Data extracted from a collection
== Segment start ==

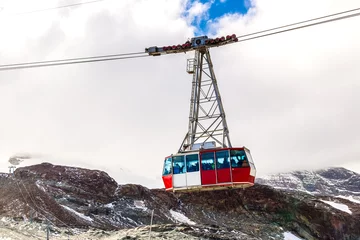 Crédence de cuisine en verre imprimé Cervin Cable car to Matterhorn in Zermatt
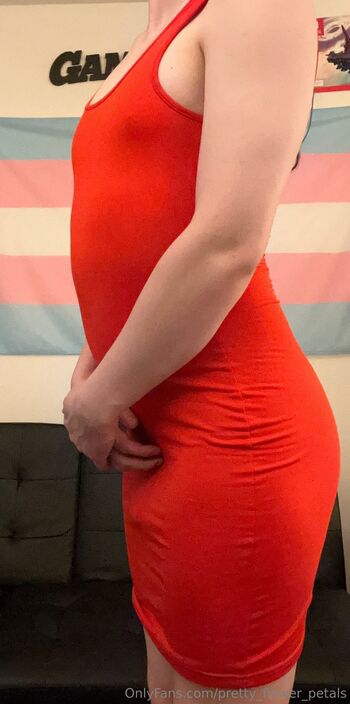 Pretty_Flower_Petal / pretty_flower_petals nude photo #26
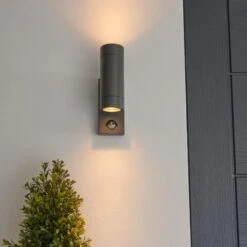 Billy PIR Sensor Outdoor Wall Light 32 Billy PIR Sensor Outdoor Wall Light -Dunelm 30730411 alt03
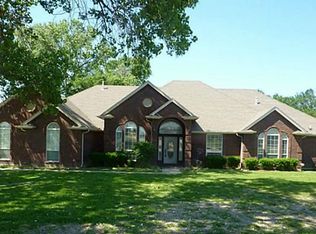 301 Burtonwood Cir, Ovilla, TX 75154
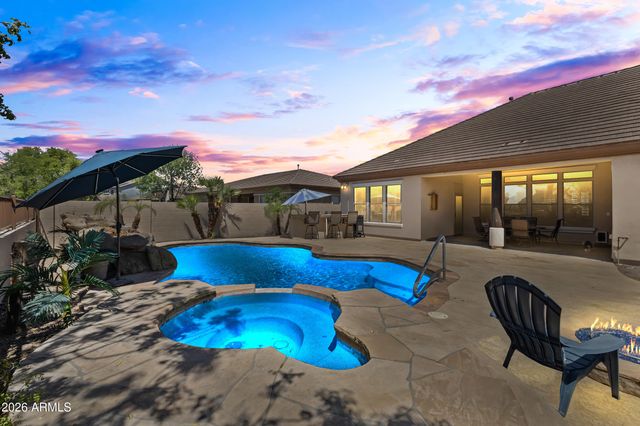 18539 E CARRIAGE Way, Queen Creek, AZ 85142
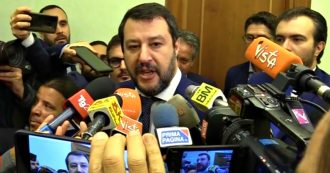 Copertina di Salvini: “La querela di Ilaria Cucchi? La droga fa male”. Il giornalista lo incalza: “Le due cose non c’entrano”. E il leader della Lega reagisce così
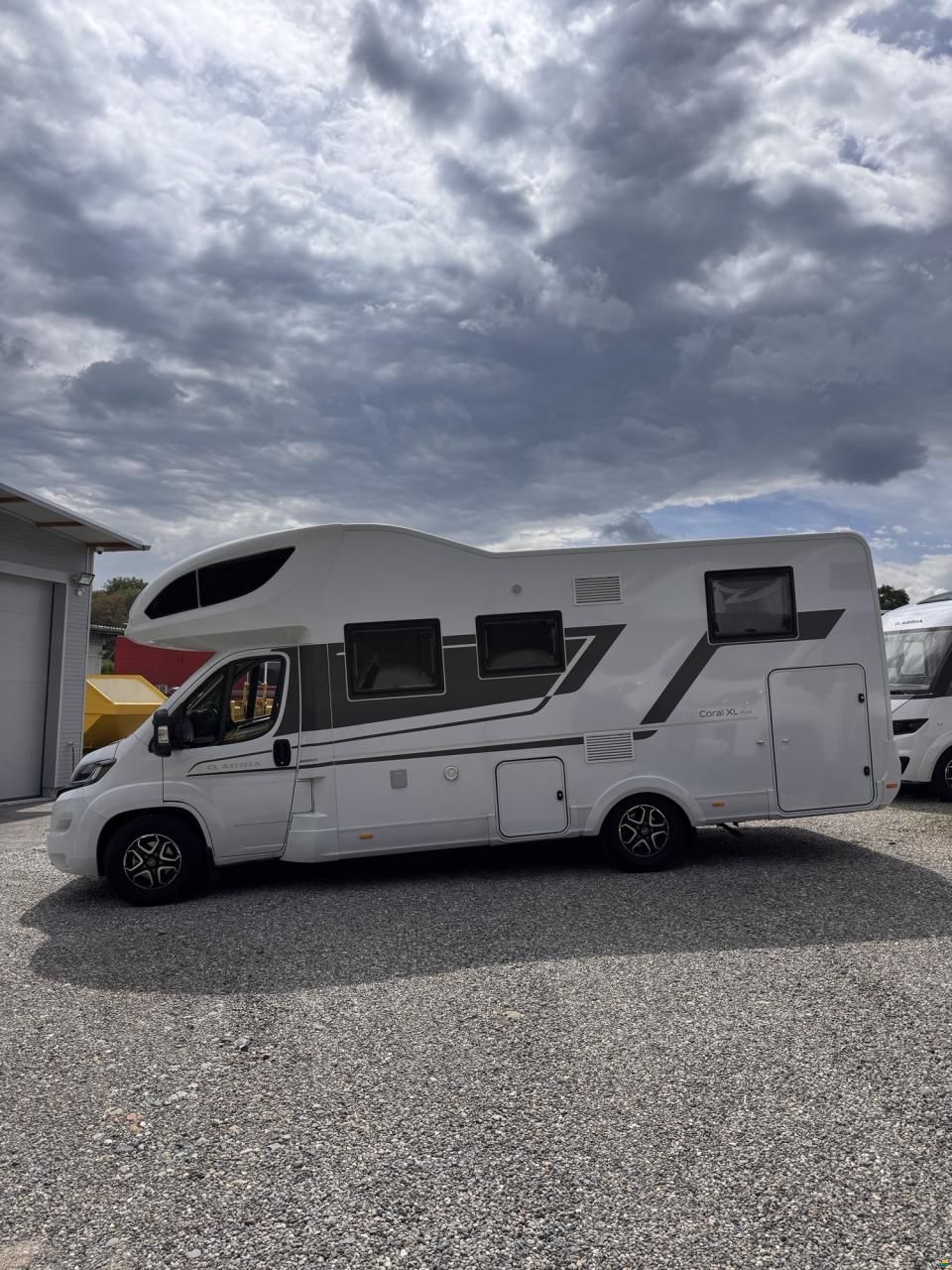 Adria CORAL XL PLUS 660 SL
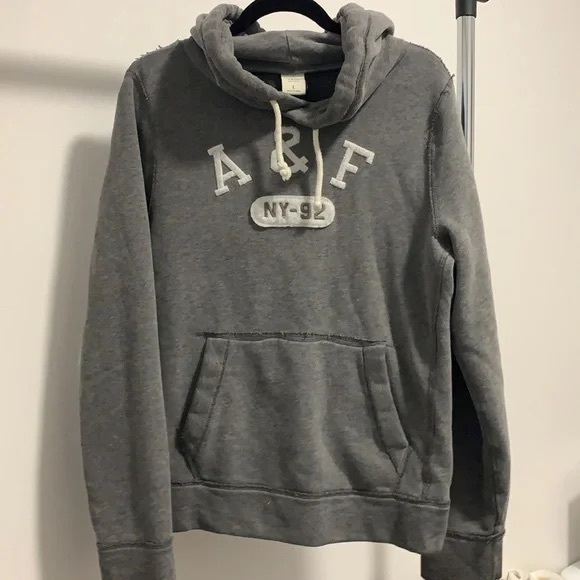 Abercrombie & Fitch Tops - EUC Abercrombie & Fitch Women’s Hoodie in Gray/White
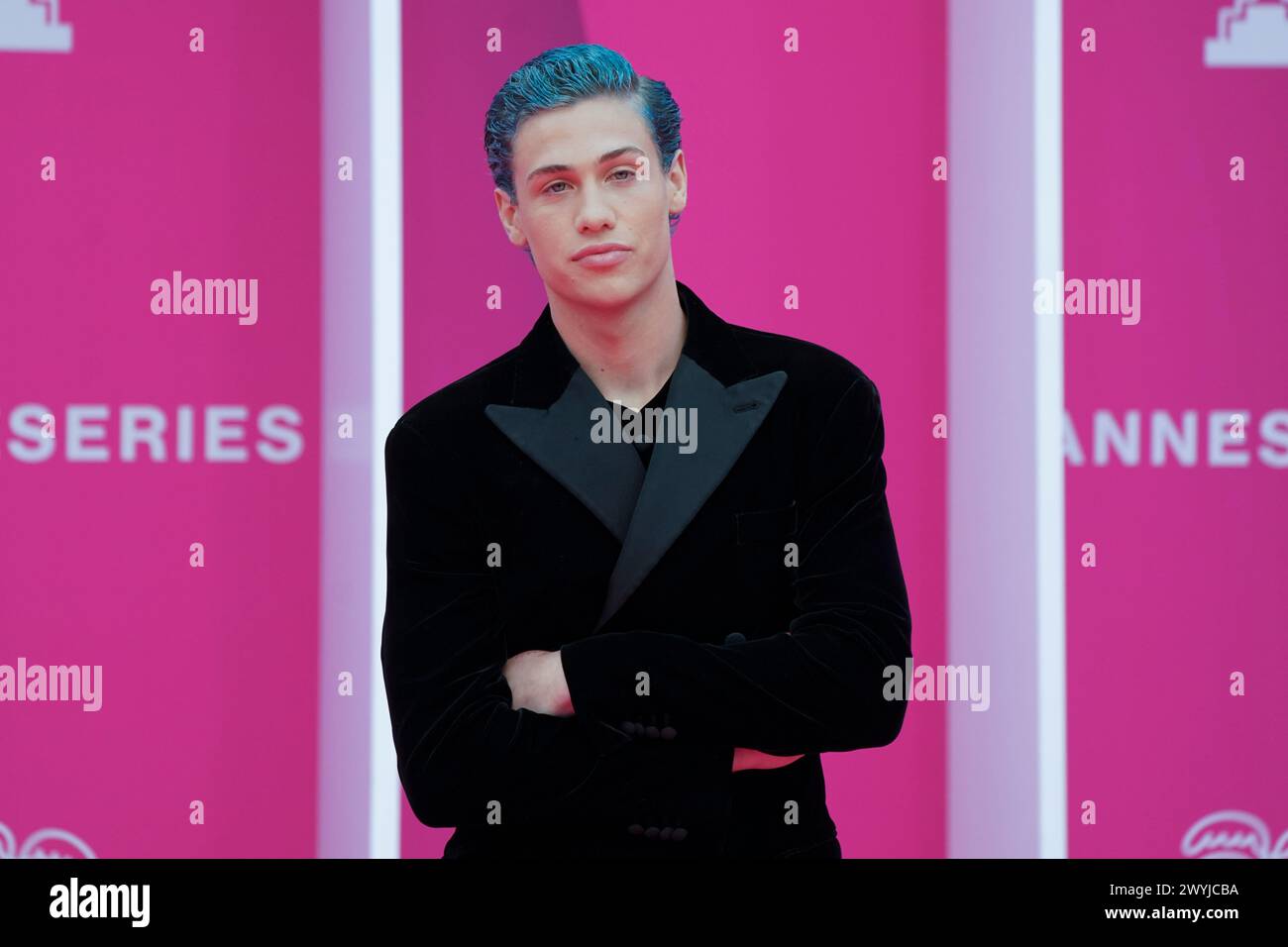 Cannes, Francia. 6 aprile 2024. CANNES, FRANCIA - 06 APRILE: Matteo partecipa al Pink Carpet durante il 7° Canneseries International Festival il 5 aprile 2024 a Cannes, Francia Foto Stock
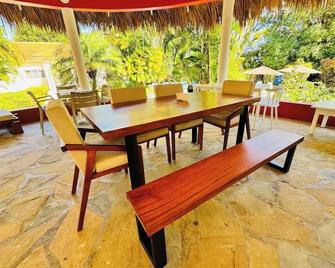 High Ceilings |ac|pool|new On Airbnb|kitchen|bbq - Sosúa - Patio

== Segment end ==

> _PROBLEM TO SOLVE_:
The lines to set down run from the line with "18539 E CARRIAGE Way, Queen Creek, AZ 85142" up to and including the line with "Adria CORAL XL PLUS 660 SL" in the entries above. Reproduce them exactly, with no pictures.

> _RESPONSE BOX_:
 18539 E CARRIAGE Way, Queen Creek, AZ 85142
 Copertina di Salvini: “La querela di Ilaria Cucchi? La droga fa male”. Il giornalista lo incalza: “Le due cose non c’entrano”. E il leader della Lega reagisce così
 Adria CORAL XL PLUS 660 SL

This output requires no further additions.